Examples of belief-centered religions, both East and West, include Christianity, Judaism, Islam, Hinduism, Buddhism and the external Taoist religion called tao jiao. At the core of these organized religions are several basic ideas held in common. They require faith in the existence of an external supreme spiritual being or beings.

You and God (or the gods) are intrinsically separate and different. God rules and controls your fate in the afterlife. Many traditions assert that you cannot personally know God until after you are dead. The religious establishment therefore serves as the intermediary between you and God.

All these factors may put a person in direct conflict between rationality on the one hand and faith on the other.

Inner Traditions

Each organized outer tradition usually has its parallel inner mystic spiritual tradition. Christianity has Gnosticism; Judaism has the Kaballah; Islam has Sufism; Hinduism has yoga and Hindu Tantra; Buddhism has Zen, Tibetan Tantra and the Dzogchen tradition; and Taoism has Taoist meditation.

The inner mystic traditions are also based on several basic ideas held in common. They require faith that a human can directly connect at the center of his or her heart and mind to the permanent un-nameable consciousness, which exists forever. Like the burning bush Moses encountered, it does not consume itself. God does not exist outside of you; rather, as the Gnostic Christian tradition believes, the kingdom of God is within.

However, to maintain a consistent, direct experience of the unchanging root of the universe as a continuous living awareness–without a middleman–requires you to expend tremendous effort to truly go into, clear out and reintegrate with the depths of your being.

Taoist Meditation Practices: Clarify Your Intention

Since engaging in Taoist spiritual work is practiced for three primary reasons, Taoist meditation is designed for each level. You must decide where you would like to go with meditation.

The first is the need to cope with the ever-increasing pressures of the computerized age, including civilization’s stresses on our physical, emotional and mental health. The resolution to those pressures is found in the preparatory practices that energize, heal and relax the body as you simultaneously slow down, quiet and release the tensions within your mind.

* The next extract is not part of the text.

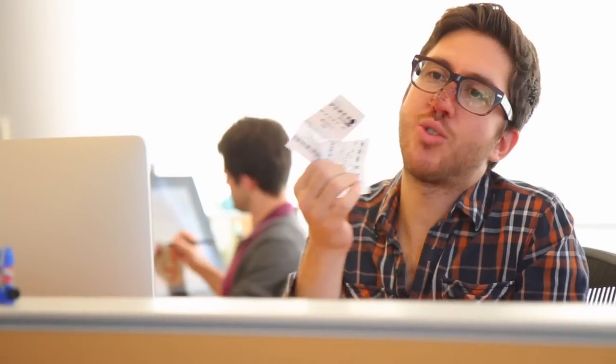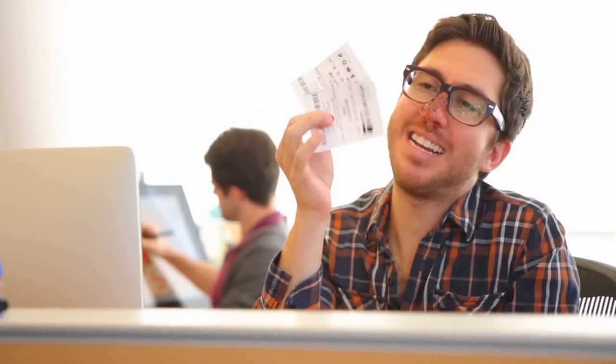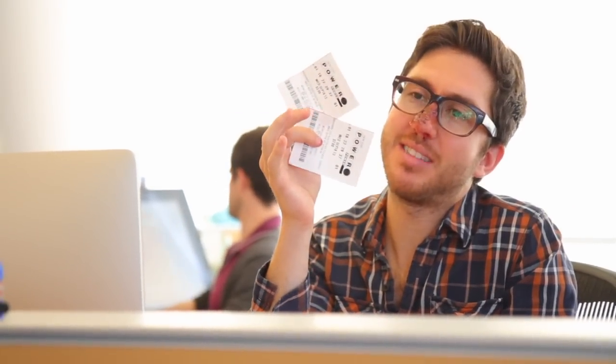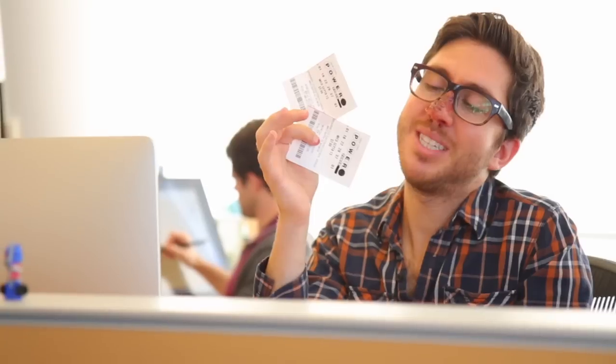What are the numbers? One, eighteen, twenty-two, twenty-seven, thirty-eight. Powerball. Tree. As in, I just won the lottery three times. Jesus Christ, you won. I know.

The second reason is a desire to connect directly and in a deeply personal way to an ever-present source of spirituality that is greater than our limited personality and ego. This source is the spirit or soul, and what the Taoists call “being.” The resolution to this primal need is found in the Taoist meditation practices in which you learn to dissolve and resolve the inner spiritual, emotional and psychic conflicts that prevent your mind and spirit from becoming still. From that place of stillness you come to experience great inner peace.

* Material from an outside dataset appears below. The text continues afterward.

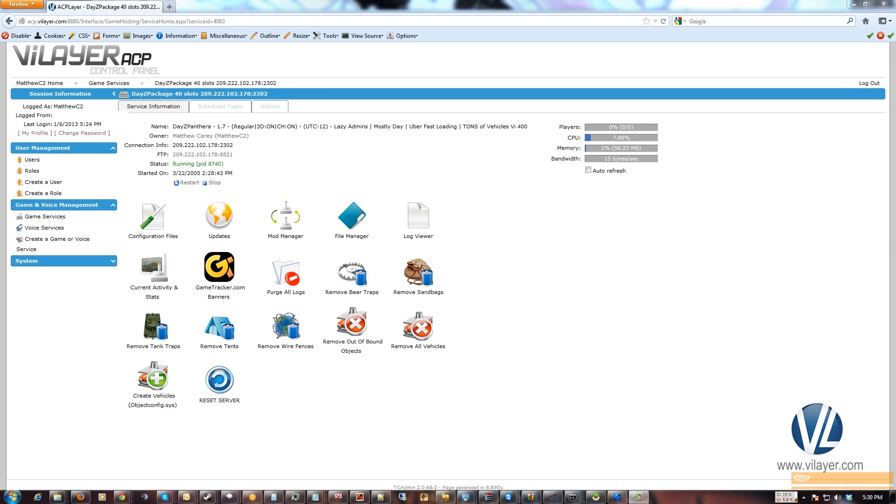Hey everybody, Matt with Valera here. Recently we've gotten some requests for a guide on how to use the Automatic Whitelist Tool. So today I'm going to explain what it is, how to use it, and how to set it up.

The third reason is the spiritual need to transform your inner world until your individuality directly merges with the unchanging source of the universe, God, spirit, a higher power, universal consciousness and the Tao. The resolution of this need is found in the exceedingly challenging Taoist inner alchemy practices, which ultimately result in enlightenment, union with God or the Buddha mind. This stage of meditation, covered in The Great Stillness, requires an open-ended commitment for as much time as it takes be it years, decades or many lifetimes.

So where do you want to go? It starts with a deep calling within yourself. Do what you can do right now, right this minute. You will only have success with what you can stand to do or that which you grow to love to do. Otherwise meditation—like anything in life—will become little more than a chore rather than part of who you are or can become.